Derrotado em duas eleições
subseqüentes, Ortega voltou ao
poder em 2006, pela maioria
simples de cerca de 38% dos
votos. Em sua posse, estiveram
os presidentes Hugo Chávez
(Venezuela) e Evo Morales
(Bolívia), e o primeiro lhe deu
as bênçãos, por estar à frente
de um país que, ao lado de outros, inclusive o Brasil, iria realizar uma revolução socialista
pacífica na América Latina.
Na verdade, se muita coisa e
muita gente mudou na América Latina, nas últimas décadas,
talvez ninguém tenha mudado
mais do que Daniel Ortega.
Católico conservador
Em primeiro lugar, ele chegou ao poder graças ao apoio de
uma facção da direita, liderada
pelo ex-presidente Arnoldo
Alemán, com a qual hoje governa. No plano do comportamento social, tornou-se um fervoroso conservador católico, sustentando a legislação vigente
que proíbe estritamente o
aborto.
Para enfrentar os problemas
sociais da Nicarágua, em que
80% da população subsiste com
US$ 2 ao dia, Ortega lançou um
programa semelhante ao Fome
Zero, aparentemente com poucos resultados.
Seu modelo, porém, não é
Lula, e sim Chávez, tanto por
razões materiais quanto ideológicas. Materialmente, a Venezuela responde por todo o
fornecimento de petróleo à Nicarágua, a preços subsidiados.
Ideologicamente, o presidente nicaragüense se afina
com o discurso chavista, com
seus ataques à oligarquia e aos
EUA, país que chegou a definir
como "a maior e mais impressionante ditadura que a história já conheceu".
Mas, à semelhança de Chávez, as ações de Ortega são mais
conciliatórias do que sua retórica, como mostra, por exemplo, um acordo firmado com o
FMI, nos mesmos moldes dos
presidentes anteriores.
No âmbito da administração,
o governo Ortega é, na verdade,
o governo dos ortegas, a exemplo do casal Kirchner, na Argentina. Rosario Murillo, mulher do presidente, é a segunda
pessoa mais poderosa da Nicarágua, ocupando um cargo
equivalente à chefia da Casa Civil e vários outros, além de falar, por vezes, em nome do presidente.
Para que não se tenha uma
visão inteiramente negativa da
Nicarágua, lembremos que a
violência nas ruas -excluída,
portanto, a violência doméstica- tem um dos índices mais
baixos da América Central,
aproximando-se dos da Costa
Rica -o eldorado da região.
Ruptura
Em síntese, Ortega está muito longe dos tempos lendários
do sandinismo ou de encarnar a
figura de um líder social-democrata. Nomes respeitáveis da
esquerda latino-americana, como o escritor Sergio Ramírez
ou o teólogo da libertação e
poeta Ernesto Cardenal romperam com ele há muito tempo.
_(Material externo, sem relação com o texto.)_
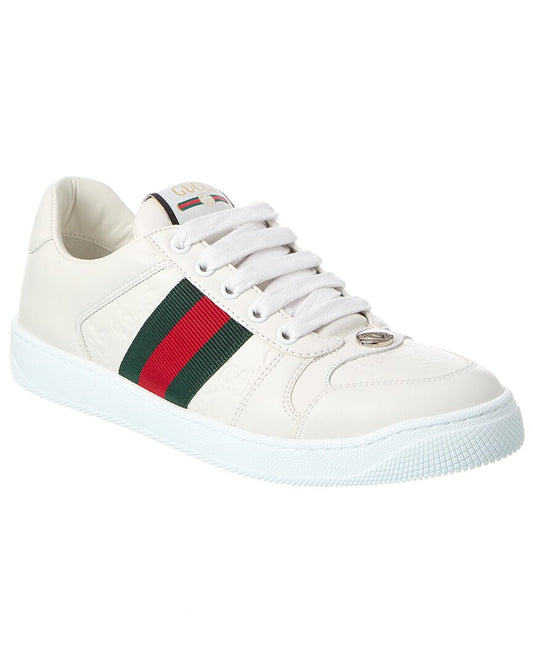 Gucci Screener Leather Sneaker White 36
Como se explicaria então sua
volta ao poder?
De um lado, pela aliança à direita, que lhe deu um lustre de
confiabilidade entre parte das
elites; de outro, por contar com
o voto da maioria dos pobres e
miseráveis do país, para quem,
se as coisas vão mal, a culpa não
é de Ortega.
BORIS FAUSTO é historiador e preside o Conselho Acadêmico do Gacint (Grupo de Análise da
Conjuntura Internacional), da USP. É autor de "A
Revolução de 30" (Companhia das Letras).